Activity » Retype the entries, please, from their first line to the line containing "鬼泣下副本阵容搭配插图", exactly and only those lines, minus the pictures.

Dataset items

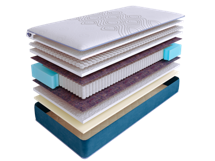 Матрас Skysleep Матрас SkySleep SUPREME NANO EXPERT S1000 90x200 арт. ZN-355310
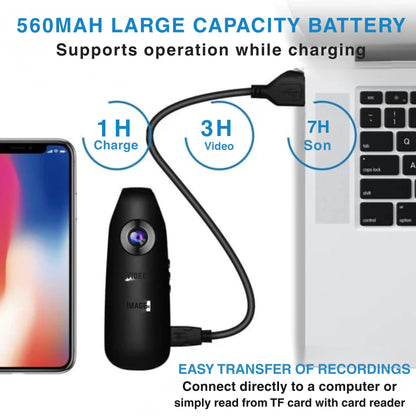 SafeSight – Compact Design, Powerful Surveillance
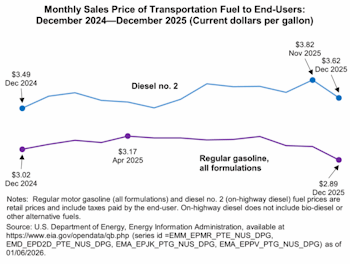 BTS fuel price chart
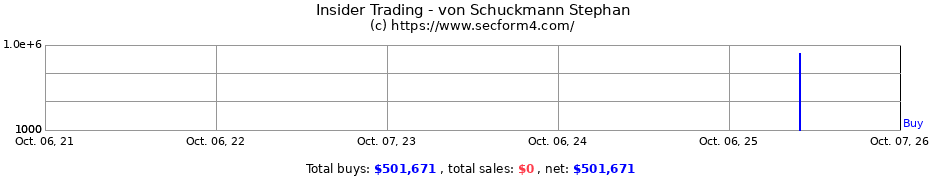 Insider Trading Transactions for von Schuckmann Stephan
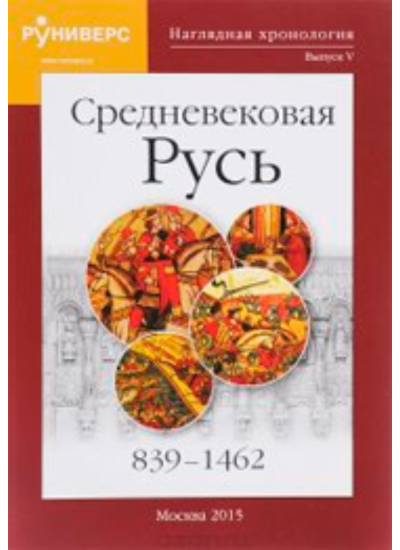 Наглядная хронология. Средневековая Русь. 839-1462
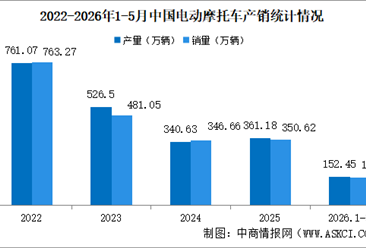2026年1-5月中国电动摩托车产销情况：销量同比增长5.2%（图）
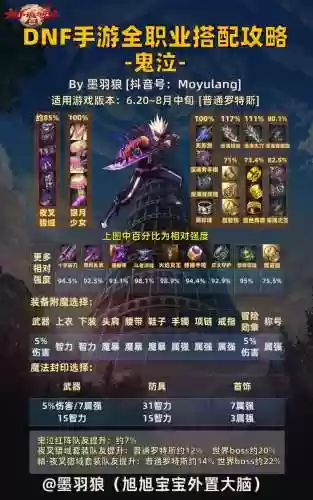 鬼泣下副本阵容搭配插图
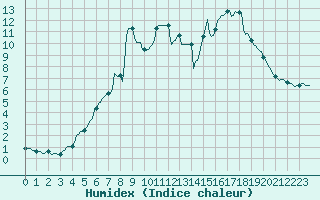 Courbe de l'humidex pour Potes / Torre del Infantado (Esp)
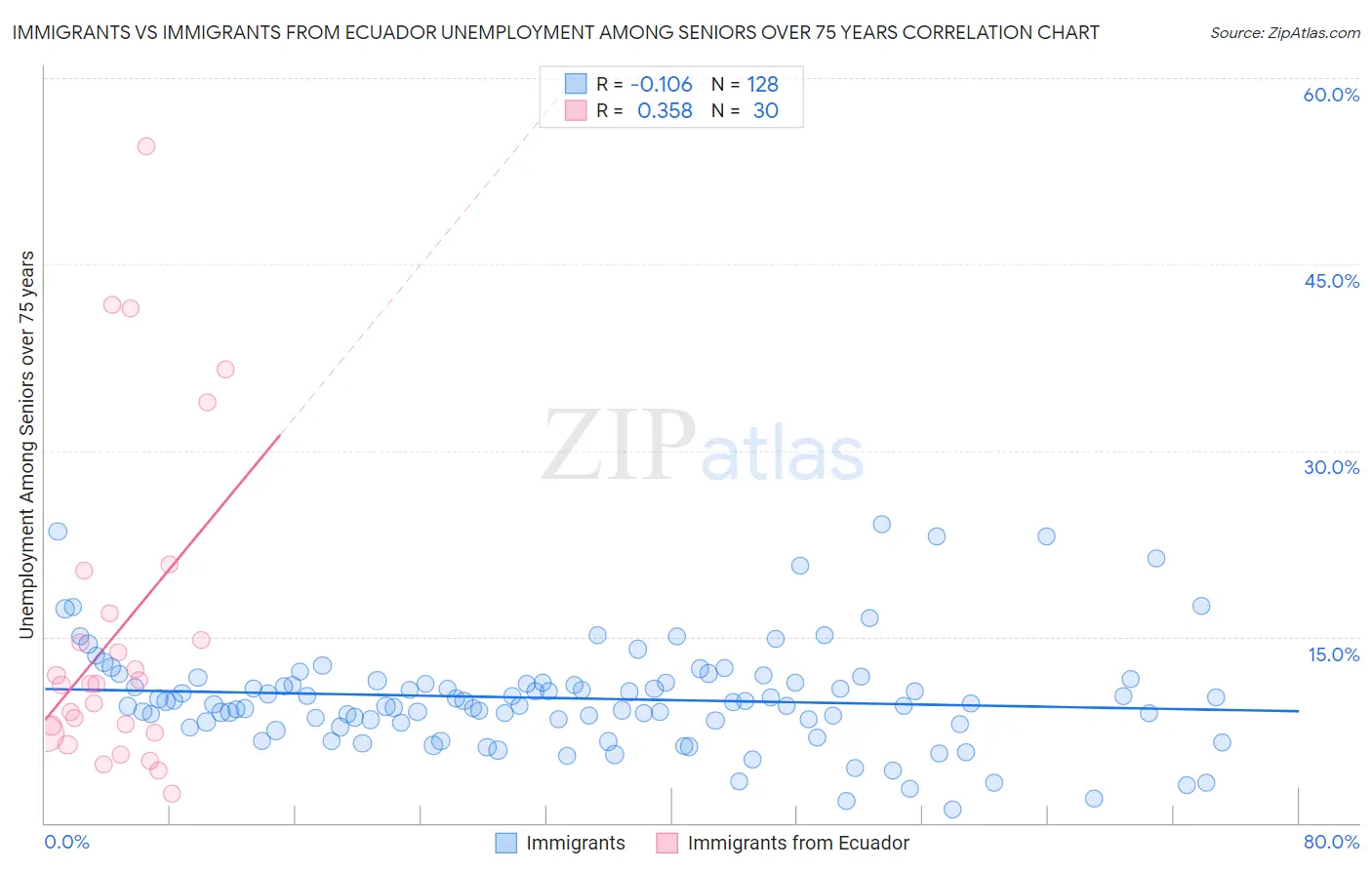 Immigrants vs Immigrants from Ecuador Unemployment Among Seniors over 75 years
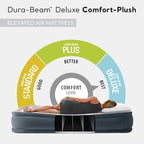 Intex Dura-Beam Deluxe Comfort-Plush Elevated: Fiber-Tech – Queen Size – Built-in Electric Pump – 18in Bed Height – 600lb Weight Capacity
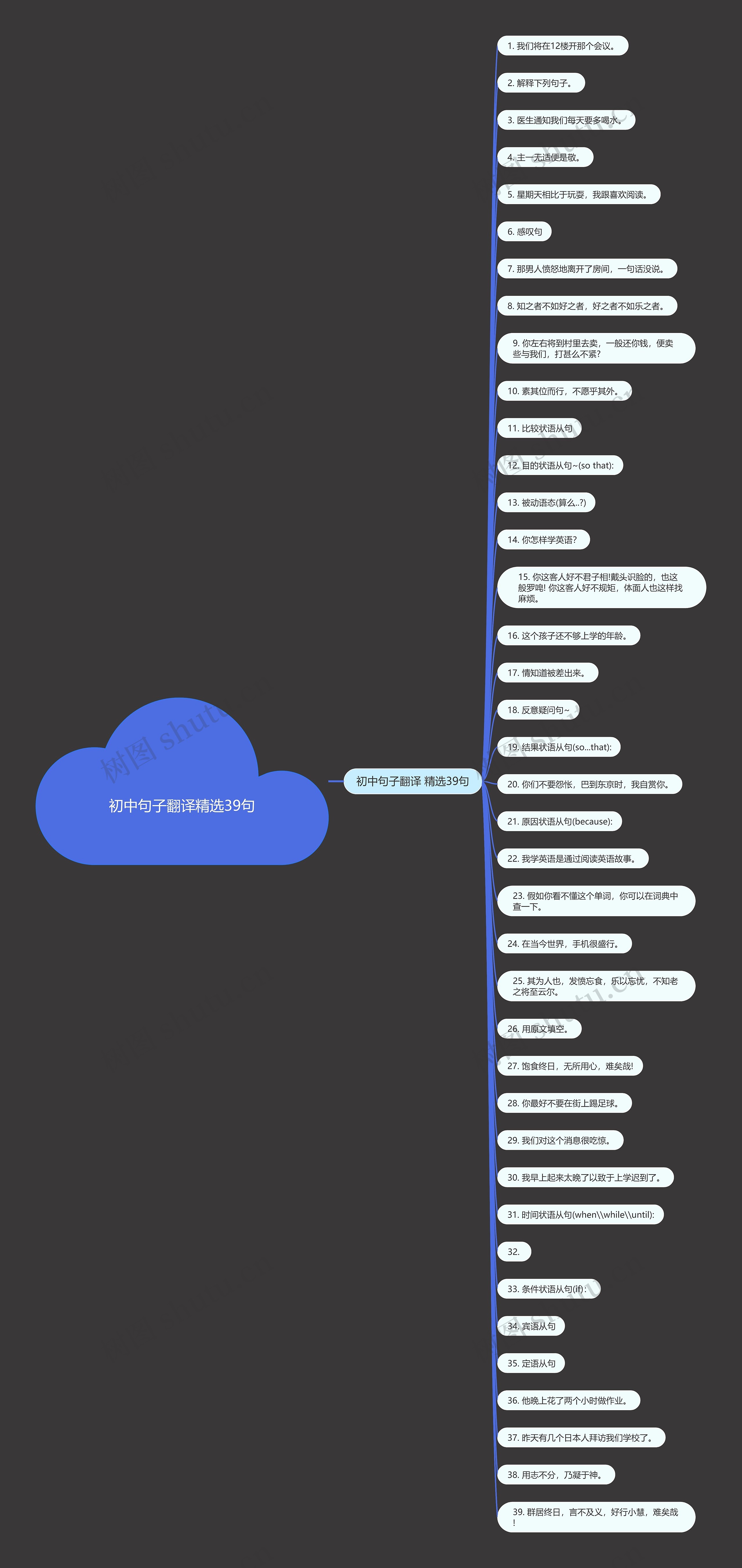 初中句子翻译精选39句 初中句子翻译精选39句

Task output »
 Матрас Skysleep Матрас SkySleep SUPREME NANO EXPERT S1000 90x200 арт. ZN-355310
 SafeSight – Compact Design, Powerful Surveillance
 BTS fuel price chart
 Insider Trading Transactions for von Schuckmann Stephan
 Наглядная хронология. Средневековая Русь. 839-1462
2026年1-5月中国电动摩托车产销情况：销量同比增长5.2%（图）
 鬼泣下副本阵容搭配插图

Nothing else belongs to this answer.